Audio-Visual Sensor Fusion Framework Using Person Attributes Robust to Missing Visual Modality for Person Recognition

Published: 01 Jan 2023, Last Modified: 05 Mar 2025MMM (2) 2023EveryoneRevisionsBibTeXCC BY-SA 4.0
Abstract: Audio-visual person recognition is the problem of recognizing an individual person class defined by the training data from the multimodal audio-visual data. Audio-visual person recognition has many applications in security, surveillance, biometrics etc. Deep learning-based audio-visual person recognition report state-of-the-art person recognition accuracy. However, existing audio-visual frameworks require the presence of both modalities, and this approach is limited by the problem of missing modalities, where one or more of the modalities could be missing. In this paper, we formulate an audio-visual person recognition framework where we define and address the missing visual modality problem. The proposed framework enhances the robustness of audio-visual person recognition even under the condition of missing visual modality using audio-based person attributes and a multi-head attention transformer-based network, termed the CNN Transformer Network (CTNet).

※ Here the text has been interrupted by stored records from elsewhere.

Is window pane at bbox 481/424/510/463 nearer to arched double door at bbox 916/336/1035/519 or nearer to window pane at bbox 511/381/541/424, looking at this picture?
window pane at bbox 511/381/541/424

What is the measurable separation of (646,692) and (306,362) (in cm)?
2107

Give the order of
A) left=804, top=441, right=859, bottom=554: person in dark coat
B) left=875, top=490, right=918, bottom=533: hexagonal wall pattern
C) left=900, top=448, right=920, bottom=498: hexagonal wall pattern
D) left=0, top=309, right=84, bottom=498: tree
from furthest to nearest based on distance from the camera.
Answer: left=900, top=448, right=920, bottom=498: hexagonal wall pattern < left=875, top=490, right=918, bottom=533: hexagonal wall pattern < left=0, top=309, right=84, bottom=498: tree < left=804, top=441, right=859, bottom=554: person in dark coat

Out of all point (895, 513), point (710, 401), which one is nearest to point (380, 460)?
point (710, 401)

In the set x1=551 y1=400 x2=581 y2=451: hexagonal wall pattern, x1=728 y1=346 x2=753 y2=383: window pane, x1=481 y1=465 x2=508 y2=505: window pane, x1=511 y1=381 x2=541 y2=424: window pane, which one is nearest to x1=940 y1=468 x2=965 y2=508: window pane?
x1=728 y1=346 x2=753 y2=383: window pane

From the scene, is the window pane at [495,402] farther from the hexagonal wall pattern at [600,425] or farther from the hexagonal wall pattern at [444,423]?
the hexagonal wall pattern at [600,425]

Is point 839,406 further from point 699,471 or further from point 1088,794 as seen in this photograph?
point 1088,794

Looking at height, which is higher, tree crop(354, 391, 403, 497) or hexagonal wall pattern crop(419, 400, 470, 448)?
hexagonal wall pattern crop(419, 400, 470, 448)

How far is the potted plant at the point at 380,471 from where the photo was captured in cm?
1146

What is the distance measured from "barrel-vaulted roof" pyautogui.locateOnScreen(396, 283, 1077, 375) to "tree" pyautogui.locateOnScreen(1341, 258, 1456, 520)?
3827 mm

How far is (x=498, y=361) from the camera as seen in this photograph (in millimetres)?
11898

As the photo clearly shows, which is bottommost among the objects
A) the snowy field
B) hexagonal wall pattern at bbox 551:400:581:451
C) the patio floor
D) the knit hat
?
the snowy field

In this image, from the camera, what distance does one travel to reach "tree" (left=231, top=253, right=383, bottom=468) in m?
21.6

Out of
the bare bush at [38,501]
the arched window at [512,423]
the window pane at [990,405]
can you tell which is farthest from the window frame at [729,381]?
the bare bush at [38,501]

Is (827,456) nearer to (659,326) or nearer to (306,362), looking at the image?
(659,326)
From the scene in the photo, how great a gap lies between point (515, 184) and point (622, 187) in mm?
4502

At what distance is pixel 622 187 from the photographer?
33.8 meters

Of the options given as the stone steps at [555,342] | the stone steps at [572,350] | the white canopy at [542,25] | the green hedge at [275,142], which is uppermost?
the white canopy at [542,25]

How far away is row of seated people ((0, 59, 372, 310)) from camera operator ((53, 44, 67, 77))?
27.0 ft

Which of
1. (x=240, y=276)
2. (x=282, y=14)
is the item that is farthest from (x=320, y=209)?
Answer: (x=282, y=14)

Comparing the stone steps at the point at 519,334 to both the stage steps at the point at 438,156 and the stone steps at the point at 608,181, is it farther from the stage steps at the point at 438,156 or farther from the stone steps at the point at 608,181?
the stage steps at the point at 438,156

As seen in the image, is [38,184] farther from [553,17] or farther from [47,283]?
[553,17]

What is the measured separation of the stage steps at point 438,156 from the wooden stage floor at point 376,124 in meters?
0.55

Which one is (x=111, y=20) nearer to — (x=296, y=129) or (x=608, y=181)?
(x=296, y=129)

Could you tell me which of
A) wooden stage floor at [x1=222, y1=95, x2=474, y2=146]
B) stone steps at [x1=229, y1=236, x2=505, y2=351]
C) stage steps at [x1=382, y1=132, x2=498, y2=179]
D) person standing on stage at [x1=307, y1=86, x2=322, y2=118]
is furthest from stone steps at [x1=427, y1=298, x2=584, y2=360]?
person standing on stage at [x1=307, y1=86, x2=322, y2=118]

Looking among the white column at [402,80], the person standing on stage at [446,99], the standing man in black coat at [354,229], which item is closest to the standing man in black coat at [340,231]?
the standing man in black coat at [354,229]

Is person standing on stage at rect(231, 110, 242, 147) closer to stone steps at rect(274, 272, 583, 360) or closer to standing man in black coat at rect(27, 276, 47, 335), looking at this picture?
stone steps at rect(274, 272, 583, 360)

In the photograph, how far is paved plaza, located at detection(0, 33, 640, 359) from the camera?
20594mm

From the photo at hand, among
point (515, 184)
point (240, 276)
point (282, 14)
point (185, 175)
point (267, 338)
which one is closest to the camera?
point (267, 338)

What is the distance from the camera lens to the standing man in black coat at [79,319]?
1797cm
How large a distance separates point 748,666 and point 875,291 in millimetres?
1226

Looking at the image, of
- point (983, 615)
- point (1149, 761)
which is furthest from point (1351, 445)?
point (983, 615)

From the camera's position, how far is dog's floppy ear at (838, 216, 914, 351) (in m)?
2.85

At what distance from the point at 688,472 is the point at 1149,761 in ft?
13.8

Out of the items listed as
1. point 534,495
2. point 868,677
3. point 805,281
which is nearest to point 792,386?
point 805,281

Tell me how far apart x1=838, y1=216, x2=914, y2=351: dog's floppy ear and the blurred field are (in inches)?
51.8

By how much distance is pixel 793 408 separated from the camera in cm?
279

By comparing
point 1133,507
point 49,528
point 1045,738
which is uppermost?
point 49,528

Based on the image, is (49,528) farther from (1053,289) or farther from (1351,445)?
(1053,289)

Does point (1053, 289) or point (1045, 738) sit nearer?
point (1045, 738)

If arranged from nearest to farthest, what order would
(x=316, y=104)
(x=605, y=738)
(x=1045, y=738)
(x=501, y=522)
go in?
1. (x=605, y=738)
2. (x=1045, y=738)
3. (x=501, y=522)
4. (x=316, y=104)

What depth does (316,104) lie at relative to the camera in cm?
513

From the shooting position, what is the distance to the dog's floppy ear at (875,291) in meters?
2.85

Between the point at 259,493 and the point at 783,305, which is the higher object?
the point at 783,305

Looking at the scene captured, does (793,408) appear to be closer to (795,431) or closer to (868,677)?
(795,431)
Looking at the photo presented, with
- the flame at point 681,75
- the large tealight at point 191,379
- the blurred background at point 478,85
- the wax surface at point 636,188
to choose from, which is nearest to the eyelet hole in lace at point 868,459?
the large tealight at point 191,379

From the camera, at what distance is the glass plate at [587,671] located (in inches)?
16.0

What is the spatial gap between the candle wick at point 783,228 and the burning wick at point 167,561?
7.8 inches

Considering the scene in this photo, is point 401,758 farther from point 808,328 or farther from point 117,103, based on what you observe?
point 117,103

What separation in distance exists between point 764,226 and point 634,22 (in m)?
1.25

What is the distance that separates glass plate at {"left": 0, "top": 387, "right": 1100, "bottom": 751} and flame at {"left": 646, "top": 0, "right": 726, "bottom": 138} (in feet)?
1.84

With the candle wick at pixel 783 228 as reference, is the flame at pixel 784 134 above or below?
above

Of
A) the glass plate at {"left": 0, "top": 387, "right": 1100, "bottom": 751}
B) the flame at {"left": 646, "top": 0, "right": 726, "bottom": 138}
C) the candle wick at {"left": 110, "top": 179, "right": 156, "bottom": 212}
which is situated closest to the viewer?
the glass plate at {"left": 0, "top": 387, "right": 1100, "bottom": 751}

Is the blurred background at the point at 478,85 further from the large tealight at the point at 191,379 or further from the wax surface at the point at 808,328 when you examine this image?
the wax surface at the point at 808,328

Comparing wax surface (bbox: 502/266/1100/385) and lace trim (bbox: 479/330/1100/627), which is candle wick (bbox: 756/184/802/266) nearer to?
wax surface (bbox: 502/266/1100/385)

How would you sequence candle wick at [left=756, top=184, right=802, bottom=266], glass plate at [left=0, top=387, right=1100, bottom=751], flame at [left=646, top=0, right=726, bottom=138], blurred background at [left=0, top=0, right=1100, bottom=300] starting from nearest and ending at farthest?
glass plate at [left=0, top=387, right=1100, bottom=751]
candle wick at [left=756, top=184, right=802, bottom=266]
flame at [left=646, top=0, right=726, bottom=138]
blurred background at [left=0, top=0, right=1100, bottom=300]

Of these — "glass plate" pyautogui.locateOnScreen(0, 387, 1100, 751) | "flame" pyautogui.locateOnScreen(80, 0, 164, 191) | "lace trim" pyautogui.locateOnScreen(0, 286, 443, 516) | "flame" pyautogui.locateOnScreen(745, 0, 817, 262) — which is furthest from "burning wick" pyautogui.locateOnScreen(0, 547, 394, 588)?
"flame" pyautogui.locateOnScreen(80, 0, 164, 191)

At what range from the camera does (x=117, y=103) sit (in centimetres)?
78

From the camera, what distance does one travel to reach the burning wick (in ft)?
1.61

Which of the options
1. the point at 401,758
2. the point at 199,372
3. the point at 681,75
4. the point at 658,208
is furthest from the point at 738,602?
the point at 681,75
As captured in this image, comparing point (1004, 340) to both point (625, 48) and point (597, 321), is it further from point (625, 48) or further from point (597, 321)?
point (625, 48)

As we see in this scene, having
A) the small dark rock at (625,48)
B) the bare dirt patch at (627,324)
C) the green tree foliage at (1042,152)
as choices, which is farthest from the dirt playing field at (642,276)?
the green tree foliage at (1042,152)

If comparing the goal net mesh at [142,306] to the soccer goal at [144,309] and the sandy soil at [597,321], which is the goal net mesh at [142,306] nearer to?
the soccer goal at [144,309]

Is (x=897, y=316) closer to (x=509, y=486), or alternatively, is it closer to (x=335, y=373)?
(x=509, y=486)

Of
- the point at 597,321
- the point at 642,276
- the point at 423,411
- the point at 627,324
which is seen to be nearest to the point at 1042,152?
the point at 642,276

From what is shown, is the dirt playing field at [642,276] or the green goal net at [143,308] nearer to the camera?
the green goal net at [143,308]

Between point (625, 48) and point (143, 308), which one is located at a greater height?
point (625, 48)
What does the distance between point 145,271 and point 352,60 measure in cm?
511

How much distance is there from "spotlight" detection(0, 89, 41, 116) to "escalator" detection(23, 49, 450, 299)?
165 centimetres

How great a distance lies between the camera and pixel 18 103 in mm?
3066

The audio-based person attributes such as age, gender and race are predicted from the audio data using a deep learning model, termed the Speech-to-Attribute Network (S2A network). The attributes predicted from the audio data, which are assumed to be always available, provide additional cues for the person recognition framework. The predicted attributes, the audio data and the image data, which may be missing, are given as input to the CTNet, which contains the multi-head attention branch. The multi-head attention branch addresses the problem of missing visual modality by assigning attention weights to the audio features, visual features and the audio-based attributes. The proposed framework is validated with the CREMA-D public dataset using a comparative analysis and an ablation study. The results show that the proposed framework enhances the robustness of person recognition even under the condition of missing visible camera.